|Friendship. Photo credit: Virginia Bergman.|
Saturday morning at Cups ‘N’ Scoops, a local coffee shop, I enjoyed spending an hour or two visiting with friends Julie and Dee with whom I feel connected at a deeply spiritual level. Our get together was a powerful reminder that friendship is not just an option in how we choose to spend our time; it’s essential to our health and well being - regardless of our circumstances.

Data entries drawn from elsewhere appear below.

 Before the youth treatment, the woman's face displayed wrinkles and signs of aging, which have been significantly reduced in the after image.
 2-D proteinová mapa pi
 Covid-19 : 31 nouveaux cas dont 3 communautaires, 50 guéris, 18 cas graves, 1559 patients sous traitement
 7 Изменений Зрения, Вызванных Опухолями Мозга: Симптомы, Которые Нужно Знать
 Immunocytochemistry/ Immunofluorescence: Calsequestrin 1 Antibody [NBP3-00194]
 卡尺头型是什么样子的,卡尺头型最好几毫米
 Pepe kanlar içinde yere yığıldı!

Currently focused on revising a book-length manuscript, I value my hours of solitude, but like writer Tim Kreider, the author of an astute contribution to the NY Times series on anxiety, I intentionally plan my daily schedule to avoid “The Busy Trap.” As a result, I seldom need to rush in order to include time for exercise, reading, meditation, writing, and staying in touch with family and friends.
The 1950s theory of Type A and Type B personalities has since been discredited; however, attributes customarily assigned to Type A, especially the chronic busyness, might well describe the dominant trend in our present day culture depicted by Kreider:
If you live in America in the 21st century you’ve probably had to listen to a lot of people tell you how busy they are. It’s become the default response when you ask anyone how they’re doing: “Busy!” “So busy.” “Crazy busy.” It is, pretty obviously, a boast disguised as a complaint. And the stock response is a kind of congratulation: “That’s a good problem to have,” or “Better than the opposite.”

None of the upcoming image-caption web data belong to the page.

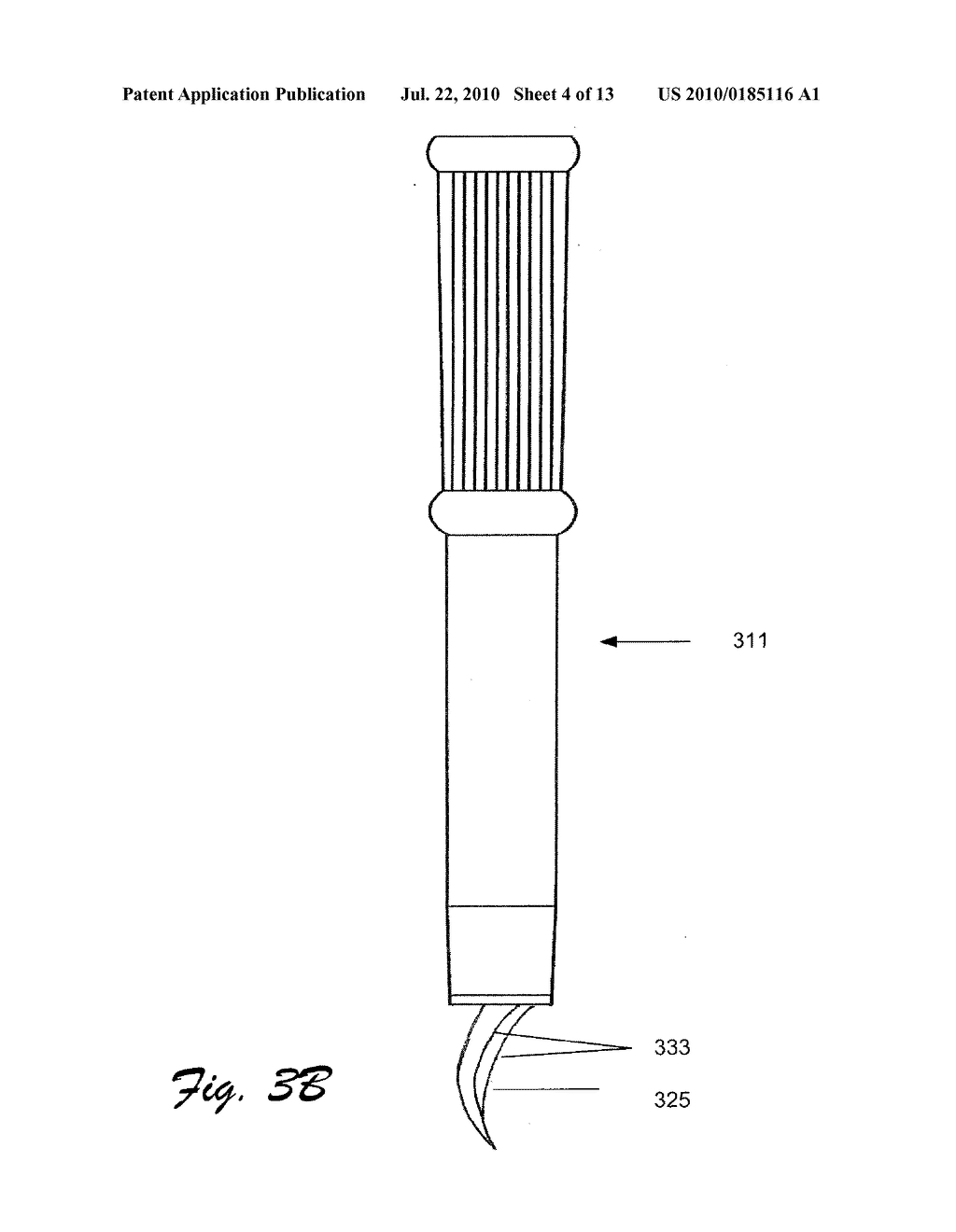 PUNCH BIOPSY DEVICE - diagram, schematic, and image 05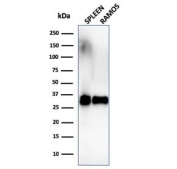 Western blot testing of human spleen and Ramos lysate with HLA-DRB1 antibody (clone SPM289). Predicted molecular weight ~30 kDa.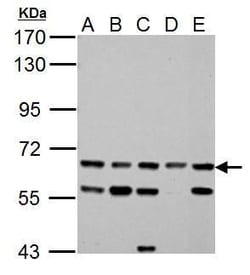 Invitrogen ACSL6 Polyclonal Antibody 100 μL; Unconjugated:Antibodies,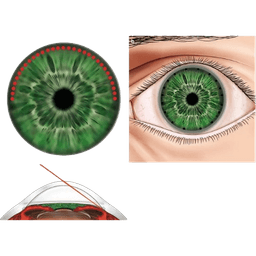 Gonioplasty (Iridoplasty)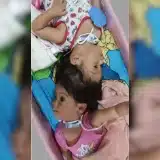 Gêmeas Siamesas De Ribeirão Preto Chegam À Reta Final De Cirurgias Para Separação Definitiva 1 Gmeas Siamesas De Ribeiro Preto Chegam Reta Final 1774115180302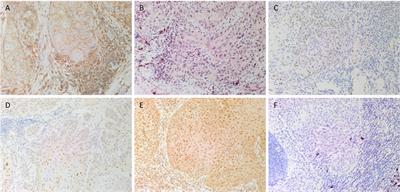 The Identification of Three Cancer Stem Cell Subpopulations within Moderately Differentiated Lip Squamous Cell Carcinoma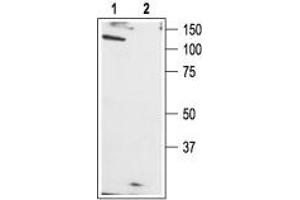Western blot analysis of rat brain membranes: - 1.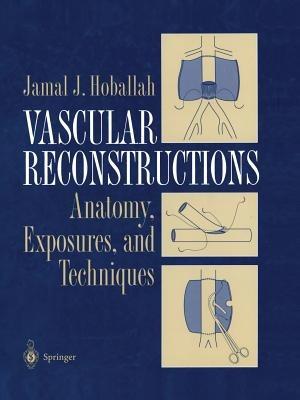 Vascular Reconstructions: Anatomy, Exposures and Techniques - Jamal J. Hoballah - cover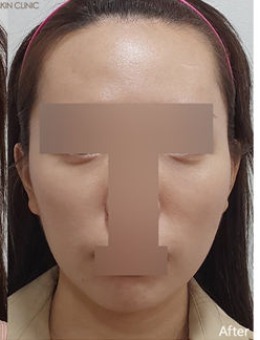 韩国Ever皮肤科眼底+脸颊填充真实术例解析:告别凹陷,重拾饱满元气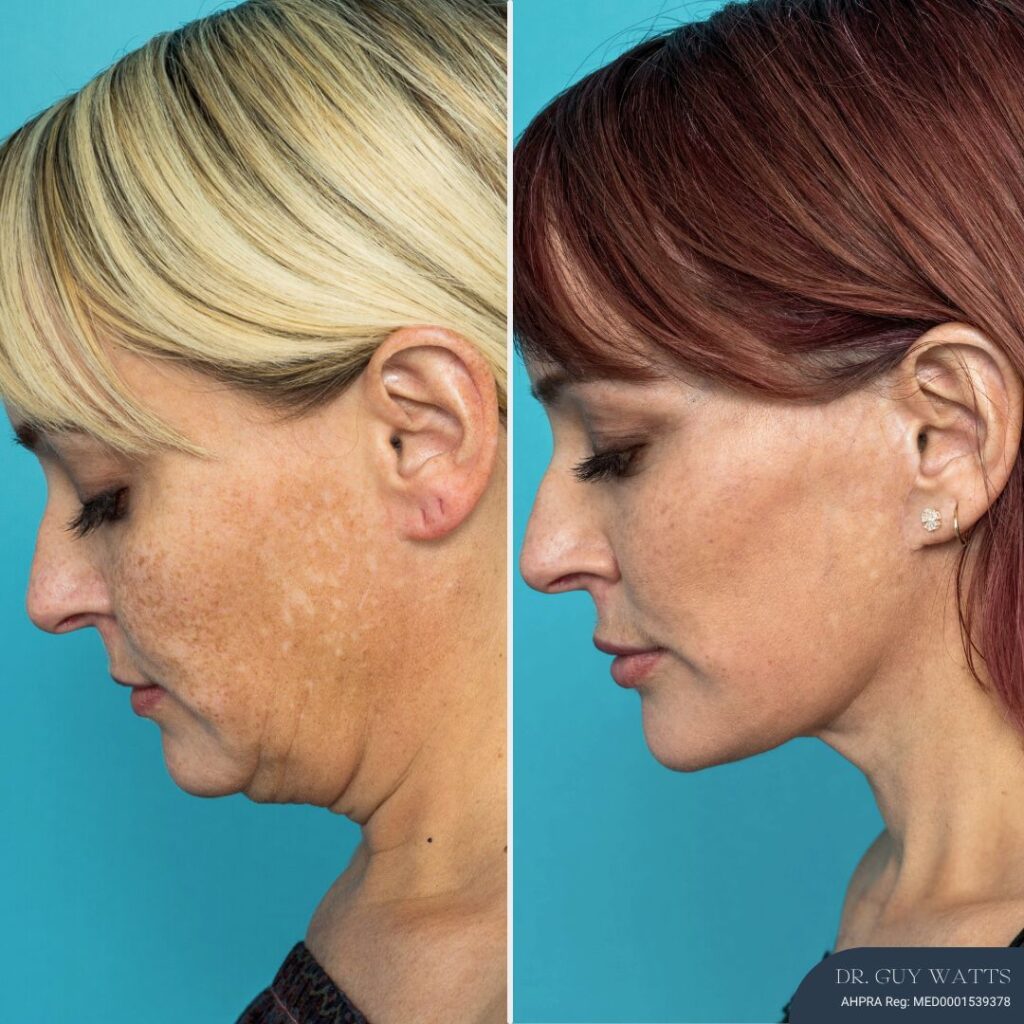 12 Months Post-op Deep Plane Face Lift, Neck Lift and Gliding Brow Lift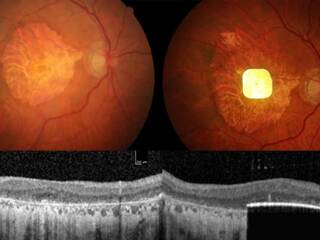 Malý očný implantát s umelou inteligenciou pomáha ľuďom s poškodeným zrakom opäť vidieť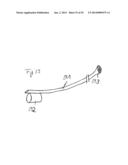 Vacuum System and Endoscopy Arrangement for Endoscopic Vacuum Therapy diagram and image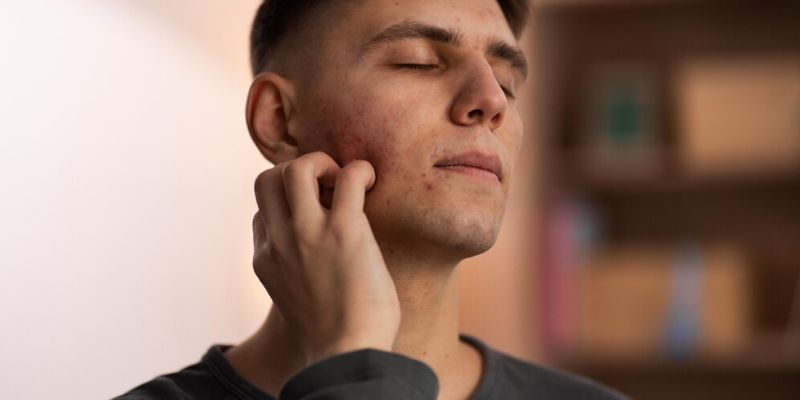 Tips Menangani Rosacea pada Pria/Freepik.com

Notice it isn’t generally people pulling back-to-back shifts in the I.C.U. or commuting by bus to three minimum-wage jobs who tell you how busy they are; what those people are is not busy but tired. Exhausted. Dead on their feet. It’s almost always people whose lamented busyness is purely self-imposed: work and obligations they’ve taken on voluntarily, classes and activities they’ve “encouraged” their kids to participate in. They’re busy because of their own ambition or drive or anxiety, because they’re addicted to busyness and dread what they might have to face in its absence.